### [Task inputs]
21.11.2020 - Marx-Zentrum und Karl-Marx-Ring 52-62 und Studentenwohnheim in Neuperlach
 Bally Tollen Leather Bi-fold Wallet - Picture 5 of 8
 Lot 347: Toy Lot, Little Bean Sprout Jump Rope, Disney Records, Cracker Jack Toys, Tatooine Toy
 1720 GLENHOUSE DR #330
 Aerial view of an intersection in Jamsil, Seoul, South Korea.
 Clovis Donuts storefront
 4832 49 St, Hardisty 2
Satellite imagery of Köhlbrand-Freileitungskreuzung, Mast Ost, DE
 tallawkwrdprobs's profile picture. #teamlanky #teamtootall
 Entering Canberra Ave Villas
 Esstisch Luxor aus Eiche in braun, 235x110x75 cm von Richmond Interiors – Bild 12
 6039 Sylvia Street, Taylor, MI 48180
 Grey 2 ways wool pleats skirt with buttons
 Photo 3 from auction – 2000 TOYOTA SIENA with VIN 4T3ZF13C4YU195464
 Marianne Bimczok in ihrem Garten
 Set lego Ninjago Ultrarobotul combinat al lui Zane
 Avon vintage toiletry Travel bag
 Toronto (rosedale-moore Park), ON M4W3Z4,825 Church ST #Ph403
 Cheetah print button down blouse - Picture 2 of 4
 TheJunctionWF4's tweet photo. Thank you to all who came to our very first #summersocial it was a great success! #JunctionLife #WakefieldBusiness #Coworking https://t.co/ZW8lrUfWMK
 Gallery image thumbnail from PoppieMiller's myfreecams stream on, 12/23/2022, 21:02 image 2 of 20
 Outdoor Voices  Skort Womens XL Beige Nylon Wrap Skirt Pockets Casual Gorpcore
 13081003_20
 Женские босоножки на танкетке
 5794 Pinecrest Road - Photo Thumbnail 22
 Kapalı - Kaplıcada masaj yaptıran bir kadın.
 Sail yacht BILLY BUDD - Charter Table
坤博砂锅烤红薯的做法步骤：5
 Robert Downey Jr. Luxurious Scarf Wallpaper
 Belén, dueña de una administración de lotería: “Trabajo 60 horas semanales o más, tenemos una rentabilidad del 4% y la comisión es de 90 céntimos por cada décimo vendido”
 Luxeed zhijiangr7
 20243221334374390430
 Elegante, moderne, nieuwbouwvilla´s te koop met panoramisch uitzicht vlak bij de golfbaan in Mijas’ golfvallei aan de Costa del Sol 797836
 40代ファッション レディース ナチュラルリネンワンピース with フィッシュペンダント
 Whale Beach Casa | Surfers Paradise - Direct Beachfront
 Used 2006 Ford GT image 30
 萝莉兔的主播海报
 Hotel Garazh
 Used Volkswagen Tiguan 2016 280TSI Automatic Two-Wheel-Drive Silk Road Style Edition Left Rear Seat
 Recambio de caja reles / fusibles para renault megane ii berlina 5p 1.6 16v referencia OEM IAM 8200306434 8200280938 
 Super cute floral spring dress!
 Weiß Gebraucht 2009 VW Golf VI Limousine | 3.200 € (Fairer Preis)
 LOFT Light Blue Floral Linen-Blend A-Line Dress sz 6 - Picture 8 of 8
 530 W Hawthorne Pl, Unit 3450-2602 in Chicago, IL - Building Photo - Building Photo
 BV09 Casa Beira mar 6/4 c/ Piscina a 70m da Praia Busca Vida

### [What to do]
Report how many lines of the listing hold the string "Used", giving only the number.

### [Solution below]
2